Polačik, Matej et al. (2022). Annual killifish embryo ecology [Dataset]. Dryad.


Embryo-environment interactions are of paramount importance during the development of all organisms, and impacts during this period can echo far into later stages of ontogeny. African annual fish of the genus Nothobranchius live in temporary pools and their eggs survive the dry season in the dry bottom substrate of the pools by entering a facultative developmental arrest termed diapause. Uniquely among animals, the embryos (encased in eggs) may enter diapause at three different developmental stages. Such a system allows for the potential to employ different regulation mechanisms for each diapause. We sampled multiple Nothobranchius embryo banks across the progressing season, species and populations. We present important baseline field data and examine the role of environmental regulation in the embryonic development of this unique system. We describe the course of embryo development in the wild and find it to be very different from the typical development under laboratory conditions.

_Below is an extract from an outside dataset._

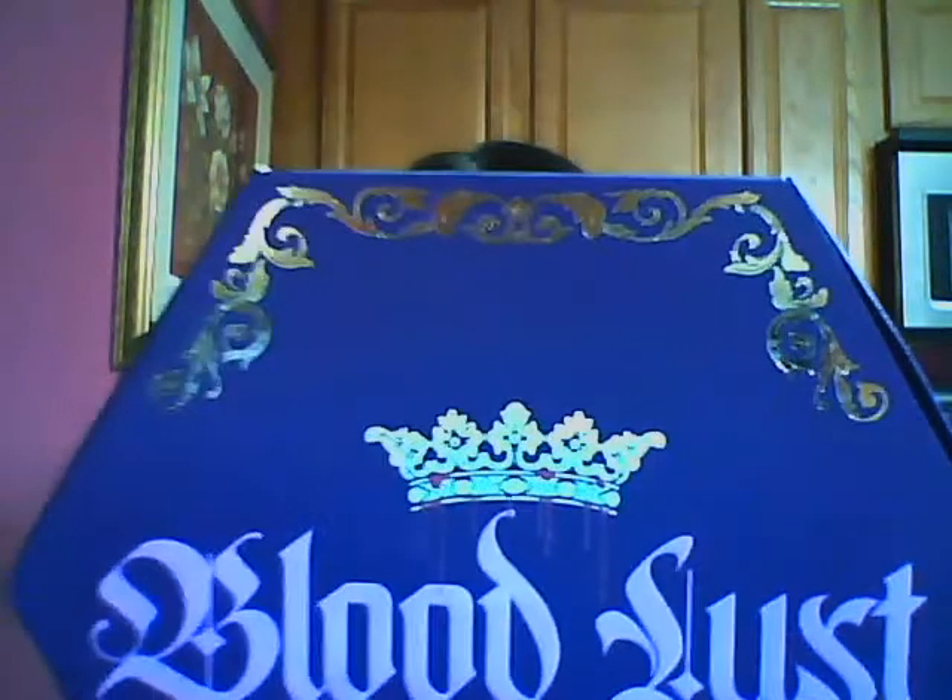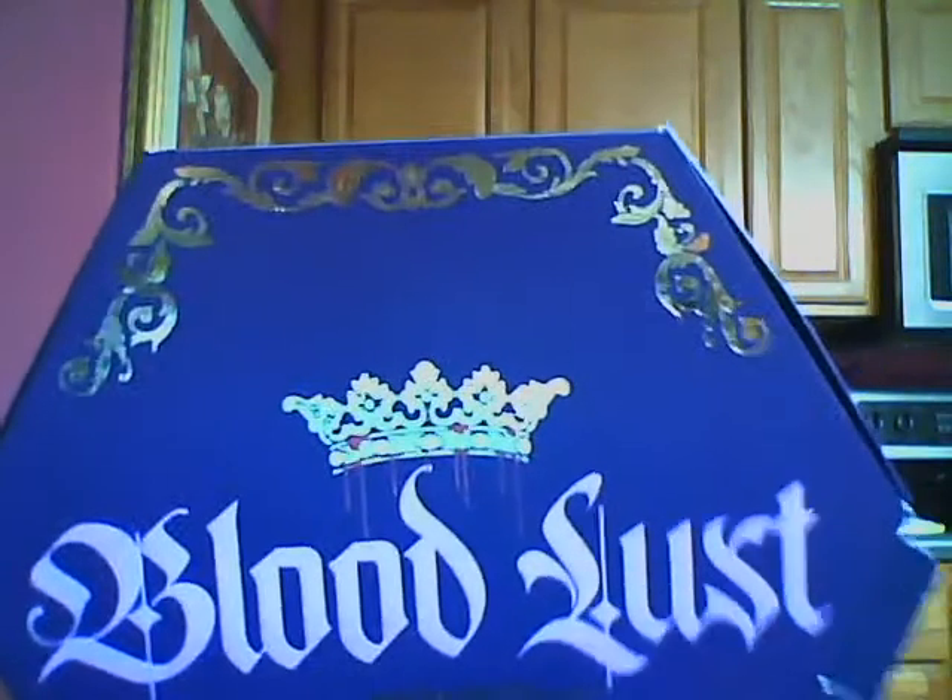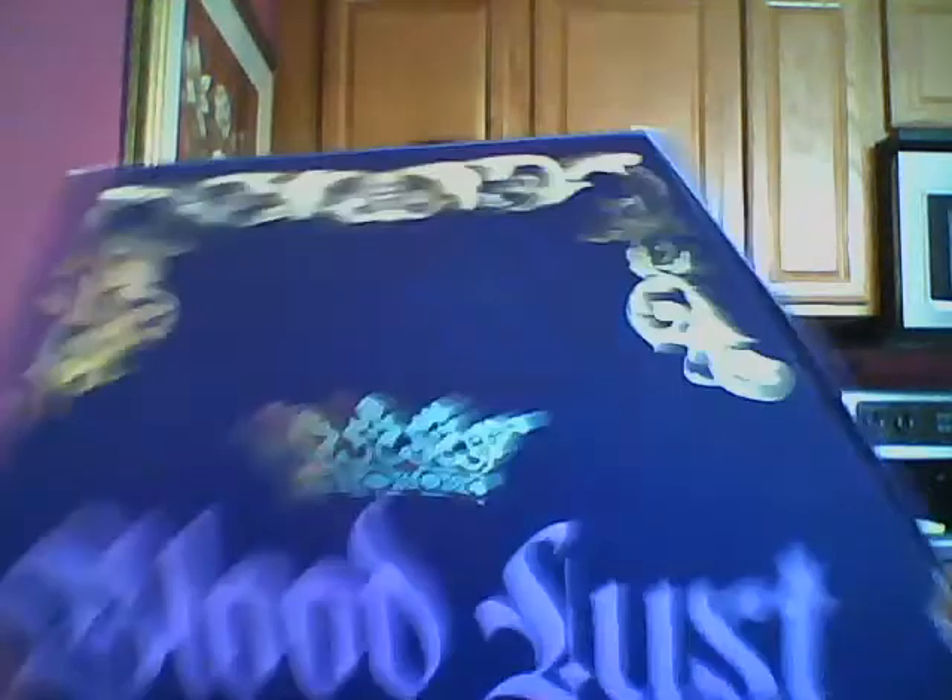It's part of the new Bloodlust collection by Jeffree Star. I got the palette and it was completely sold out on the internet for a long time. I found it on Beautylish, so if you're looking for this palette, Beautylish is probably the only place you're gonna find it unless he restocks it on his personal site.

Development across the embryo banks was synchronized within and across the sampled populations with all embryos entering diapause I during the rainy season, and diapause II during the dry season. Asynchrony occurred at transient phases of the habitat, during the process of habitat desiccation and at the end of the dry season. Our findings reveal the significance of considering wild environmental conditions in understanding the importance of the serial character of the annual fish diapauses.